[su_note note_color=”#d5d5d5″ text_color=”#91201f”]It’s Star Wars Week here at Christ and Pop Culture! To celebrate we are posting early reprints of each feature from the recently published “Star Wars Special Tribute Edition” of Christ and Pop Culture Magazine! You can subscribe to Christ and Pop Culture Magazine by becoming a member and you’ll receive a host of other benefits as well.[/su_note]
Rise to Fandom
During our first Christmas as a married couple, my husband received the Blu-ray collector’s edition of Star Wars: The Complete Saga. I remember being happy for him—and a little sad for myself. My only other experience with Star Wars until that point was in 1999, when I begged my mom to bring me to Episode I: The Phantom Menace. I didn’t understand any of the plot points and fell asleep within the first 30 minutes.

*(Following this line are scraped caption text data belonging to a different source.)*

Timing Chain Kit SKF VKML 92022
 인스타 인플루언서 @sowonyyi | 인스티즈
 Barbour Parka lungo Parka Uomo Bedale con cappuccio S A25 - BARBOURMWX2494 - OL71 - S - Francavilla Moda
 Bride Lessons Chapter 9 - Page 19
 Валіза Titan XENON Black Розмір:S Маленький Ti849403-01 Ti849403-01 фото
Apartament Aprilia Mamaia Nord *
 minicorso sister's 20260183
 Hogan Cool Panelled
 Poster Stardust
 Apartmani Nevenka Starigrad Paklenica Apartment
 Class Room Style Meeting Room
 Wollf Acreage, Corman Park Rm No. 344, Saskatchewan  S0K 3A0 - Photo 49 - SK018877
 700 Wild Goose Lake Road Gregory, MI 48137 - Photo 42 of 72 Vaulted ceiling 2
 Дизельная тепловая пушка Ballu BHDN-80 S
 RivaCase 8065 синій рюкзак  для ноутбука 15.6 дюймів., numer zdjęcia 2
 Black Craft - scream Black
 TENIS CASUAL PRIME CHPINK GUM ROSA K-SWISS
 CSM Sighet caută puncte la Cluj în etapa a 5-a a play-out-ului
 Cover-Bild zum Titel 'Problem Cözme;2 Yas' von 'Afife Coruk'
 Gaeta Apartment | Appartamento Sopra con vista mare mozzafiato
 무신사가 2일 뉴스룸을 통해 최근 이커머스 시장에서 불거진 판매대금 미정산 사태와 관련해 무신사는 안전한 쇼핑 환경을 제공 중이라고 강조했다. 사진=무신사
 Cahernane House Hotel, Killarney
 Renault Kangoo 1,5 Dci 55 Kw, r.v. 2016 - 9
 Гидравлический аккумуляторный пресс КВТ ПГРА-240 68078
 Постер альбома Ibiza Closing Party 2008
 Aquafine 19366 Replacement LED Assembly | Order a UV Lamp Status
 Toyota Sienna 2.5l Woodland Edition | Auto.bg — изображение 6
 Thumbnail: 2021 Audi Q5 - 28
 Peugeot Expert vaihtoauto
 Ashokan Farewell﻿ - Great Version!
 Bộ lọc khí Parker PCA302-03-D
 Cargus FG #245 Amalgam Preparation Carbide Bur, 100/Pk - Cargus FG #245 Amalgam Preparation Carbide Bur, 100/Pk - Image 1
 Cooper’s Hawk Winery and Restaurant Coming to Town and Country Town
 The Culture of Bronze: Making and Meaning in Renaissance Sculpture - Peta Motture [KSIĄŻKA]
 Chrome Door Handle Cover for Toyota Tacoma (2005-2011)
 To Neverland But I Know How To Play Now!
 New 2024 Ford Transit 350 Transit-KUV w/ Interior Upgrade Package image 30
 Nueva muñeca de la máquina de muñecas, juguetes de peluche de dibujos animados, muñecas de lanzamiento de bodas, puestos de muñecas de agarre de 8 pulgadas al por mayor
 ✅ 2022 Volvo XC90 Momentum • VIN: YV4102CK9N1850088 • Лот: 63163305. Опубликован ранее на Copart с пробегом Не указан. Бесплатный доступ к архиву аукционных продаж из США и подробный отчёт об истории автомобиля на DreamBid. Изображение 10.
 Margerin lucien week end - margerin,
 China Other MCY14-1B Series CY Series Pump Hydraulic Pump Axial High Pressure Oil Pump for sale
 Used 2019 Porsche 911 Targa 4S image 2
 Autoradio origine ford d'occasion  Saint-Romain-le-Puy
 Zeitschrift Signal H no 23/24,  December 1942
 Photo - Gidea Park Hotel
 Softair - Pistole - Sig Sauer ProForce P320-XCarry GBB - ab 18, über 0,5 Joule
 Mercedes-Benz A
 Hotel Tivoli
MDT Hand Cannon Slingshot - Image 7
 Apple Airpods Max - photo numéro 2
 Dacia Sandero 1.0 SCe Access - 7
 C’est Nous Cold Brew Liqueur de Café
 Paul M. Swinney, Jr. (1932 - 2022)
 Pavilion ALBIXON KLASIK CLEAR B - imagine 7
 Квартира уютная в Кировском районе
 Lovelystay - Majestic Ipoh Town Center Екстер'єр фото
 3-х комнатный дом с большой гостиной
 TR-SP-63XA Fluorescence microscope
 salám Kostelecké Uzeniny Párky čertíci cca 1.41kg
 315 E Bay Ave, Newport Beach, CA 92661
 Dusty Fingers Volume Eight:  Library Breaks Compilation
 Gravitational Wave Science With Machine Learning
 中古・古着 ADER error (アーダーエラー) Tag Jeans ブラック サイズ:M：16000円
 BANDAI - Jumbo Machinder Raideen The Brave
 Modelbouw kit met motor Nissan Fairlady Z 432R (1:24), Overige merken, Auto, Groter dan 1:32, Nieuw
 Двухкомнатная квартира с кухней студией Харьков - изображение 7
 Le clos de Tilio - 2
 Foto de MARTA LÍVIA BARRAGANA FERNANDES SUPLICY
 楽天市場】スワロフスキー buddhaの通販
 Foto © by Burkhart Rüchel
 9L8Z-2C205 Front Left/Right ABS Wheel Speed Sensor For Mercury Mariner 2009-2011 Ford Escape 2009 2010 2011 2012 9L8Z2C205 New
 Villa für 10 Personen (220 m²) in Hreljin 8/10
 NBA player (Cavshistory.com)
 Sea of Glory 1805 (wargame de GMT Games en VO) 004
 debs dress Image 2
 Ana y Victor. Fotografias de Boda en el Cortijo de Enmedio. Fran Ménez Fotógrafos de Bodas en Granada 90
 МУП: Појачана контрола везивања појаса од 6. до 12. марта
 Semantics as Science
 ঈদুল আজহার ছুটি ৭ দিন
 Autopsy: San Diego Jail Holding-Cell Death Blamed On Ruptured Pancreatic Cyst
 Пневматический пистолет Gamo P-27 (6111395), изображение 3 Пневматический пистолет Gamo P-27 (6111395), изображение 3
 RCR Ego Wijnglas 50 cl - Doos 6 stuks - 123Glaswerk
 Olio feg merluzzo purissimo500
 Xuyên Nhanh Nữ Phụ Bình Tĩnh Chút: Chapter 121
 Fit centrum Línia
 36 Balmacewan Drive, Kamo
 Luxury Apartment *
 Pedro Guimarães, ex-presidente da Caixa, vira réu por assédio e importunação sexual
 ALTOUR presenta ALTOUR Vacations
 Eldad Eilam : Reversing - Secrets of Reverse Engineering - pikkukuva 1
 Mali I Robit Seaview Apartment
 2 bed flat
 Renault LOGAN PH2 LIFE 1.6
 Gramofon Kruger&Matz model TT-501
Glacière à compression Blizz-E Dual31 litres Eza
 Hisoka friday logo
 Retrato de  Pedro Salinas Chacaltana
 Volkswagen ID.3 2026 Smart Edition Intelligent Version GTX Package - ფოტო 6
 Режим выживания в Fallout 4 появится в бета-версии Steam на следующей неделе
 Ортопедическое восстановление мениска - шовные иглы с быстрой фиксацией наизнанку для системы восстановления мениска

To be honest, I had very little desire to attempt the saga again when my husband asked me to watch with him, but his excitement was contagious—nearly palpable—and if I wasn’t intrigued by the raspy voice of Luke’s apparent father (I wasn’t), I was at least intrigued by my husband’s enthusiasm. By the time we worked our way through the original films, I understood the appeal. It was much easier to understand the intricacies of George Lucas’s world when I could press pause and ask things like, “So what is a sith?” and “Can we have an ewok?”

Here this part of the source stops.